Every now and then, I get recommendations from people who love certain books so much that they let me borrow their copies just to hear what I thought. Even in my own book club, it seems that my passion for reading makes me such an influential force in their book selections that it causes me to wonder if I should add the title, "Book Matchmaking Expert" on my business card.

This time, I was given God's Debris: A Thought Experiment, written by Dilbert creator Scott Adams. Published in 2004, it's only 132 pages, so if you have some free time during the holidays, you can finish it in a few hours.

This story is structured like a Socratic dialogue: The protagonist is a package deliveryman who spends a day blowing off work by debating philosophy with an elderly man on his route.

This tale starts off strong with a lot of questions regarding the meaning of life and the existence of a god. The main character is forced to re-evaluate his preconceived notions about science and religion, which opens his mind and encourages freethought.

However, there's a reason why I would have never chosen this book myself, and that's because Scott Adams is a known misogynist. As amusing as I find the comic Dilbert, it's saddening to read that Adams supports men's rights activism by discounting the existence of the gender wage gap and perpetuating rape culture.

Why is this relevant? I was nodding along to this book up until the philosopher starts making stereotypical claims about gender roles, specifically that women can only feel loved if men continually make sacrifices for them, and men are only interested in women as long as they prove useful to them:

Women define themselves by their relationships and men define themselves by whom they are helping.

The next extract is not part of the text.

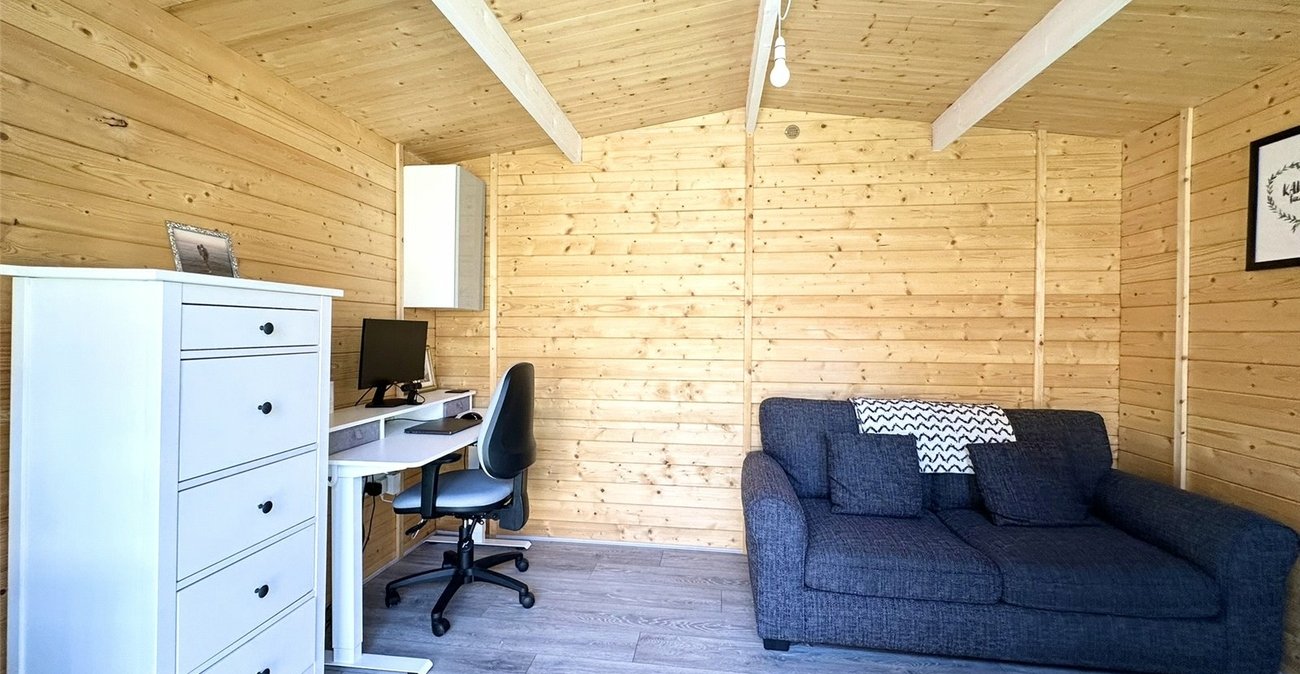 3 bedroom house for sale in Greenhithe | Robinson Jackson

Women believe value is created by sacrifice. If you are willing to give up your favorite activities to be with her, she will trust you. If being with her is too easy for you, she will not trust you.

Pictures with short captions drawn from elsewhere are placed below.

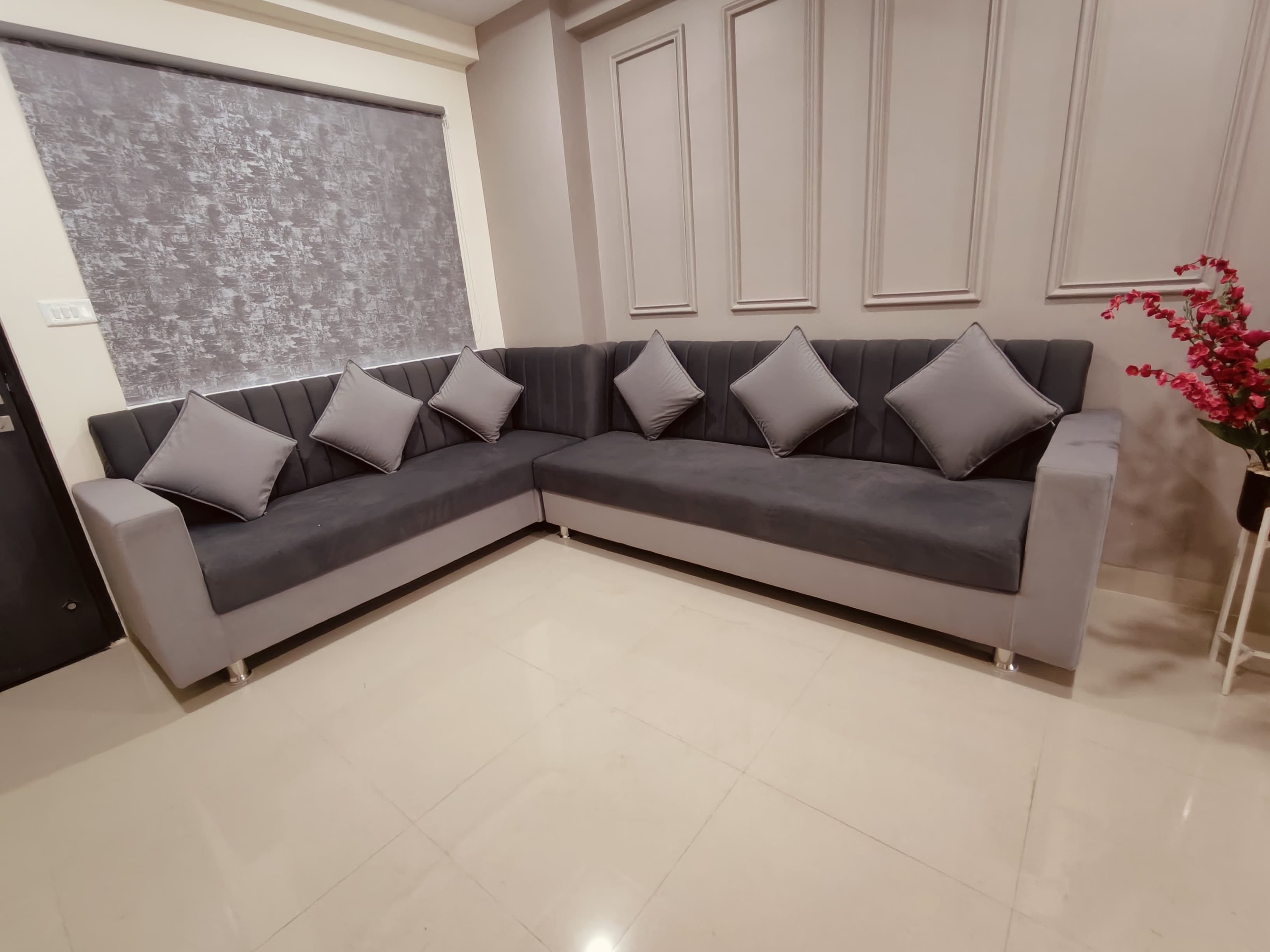 Comfy Nest Fully Furnished -112 - Tap to explore photos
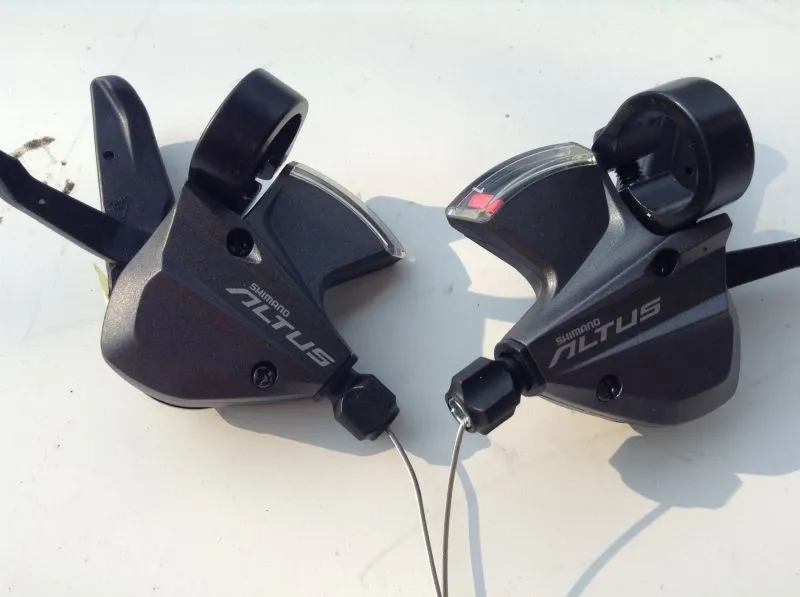 Shimano Altus Shifter 3/9 Latest Model @ free pos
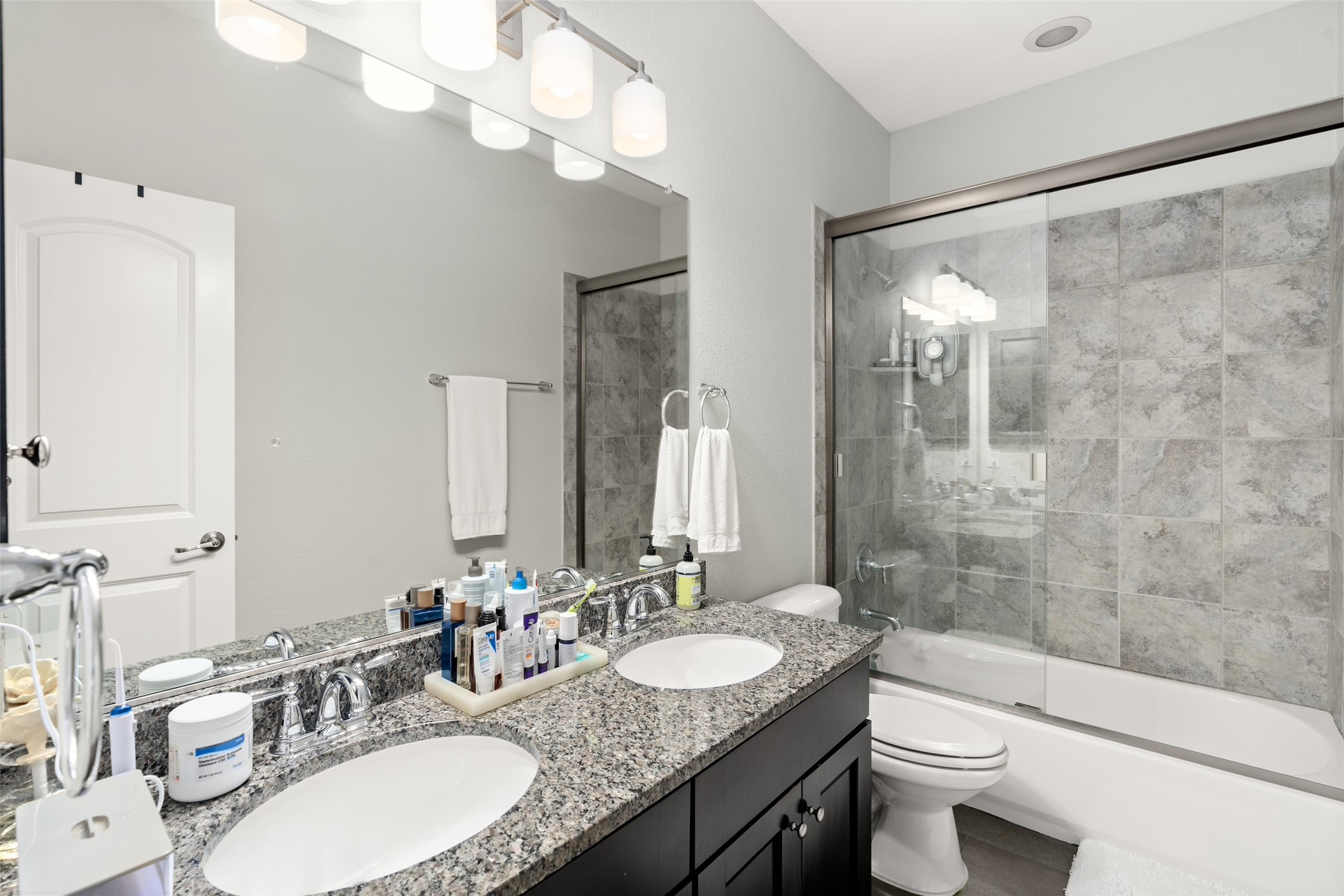 3904 Amberwood Drive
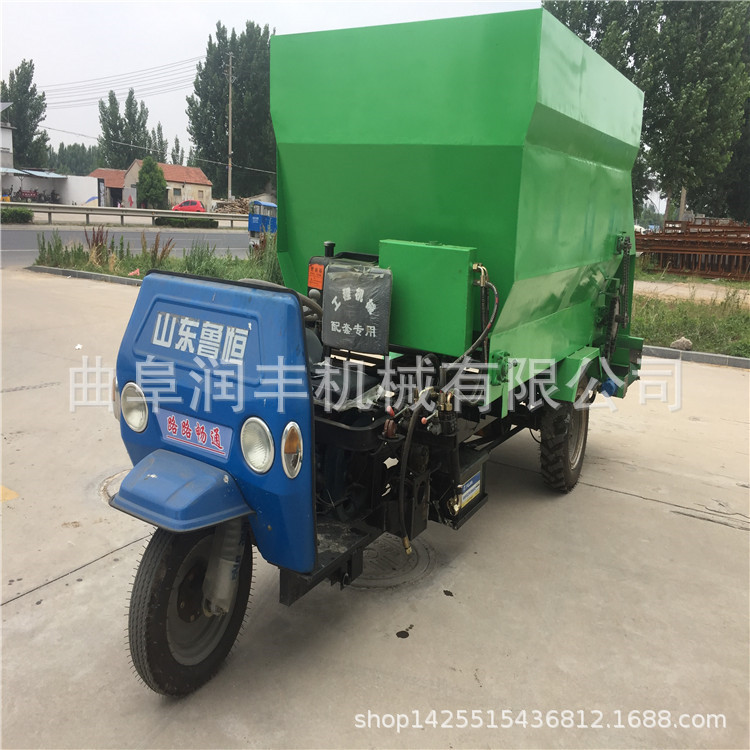 青贮草料喂料机 襄阳第三代撒料车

Men believe value is created by accomplishment, and they have objectives for the women in their lives. If a woman meets the objectives, he assumes she loves him. If she fails to meet the objectives, he will assume she does not love him. The man assumes that if the woman loved him she would have tried harder and he always believes his objectives for her are reasonable.

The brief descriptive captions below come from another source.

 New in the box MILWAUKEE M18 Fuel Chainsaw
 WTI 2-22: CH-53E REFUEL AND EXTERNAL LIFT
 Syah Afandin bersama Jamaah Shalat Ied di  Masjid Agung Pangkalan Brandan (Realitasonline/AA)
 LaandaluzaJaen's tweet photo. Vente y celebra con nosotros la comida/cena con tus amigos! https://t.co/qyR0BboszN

This heteronormative baloney undermines Adams' own theme of self-awareness: what began as a "thought experiment" devolves into one blowhard's opinion.

The ending also turns lackluster by proclaiming that humanity is divided into different groups, ranging from ignorant sheep to the enlightened. I came away disappointed, because it's very clear that Adams believes that he's more intelligent than everyone around him, and his smugness leaves a bad taste in your mouth.

That said, if you can gloss over Adams' trolling, this is an amusing bite-size exercise in stretching your brain. To accomplish this without dealing with the author's ego, I would just suggest that you cut out the middle man and study Socrates instead. I highly recommend Plato's Symposium to learn about the origin of the universe and the meaning of love. Sure, everyone couldn't stand being around Socrates either, but at least he was hell of a lot smarter than this comic writer.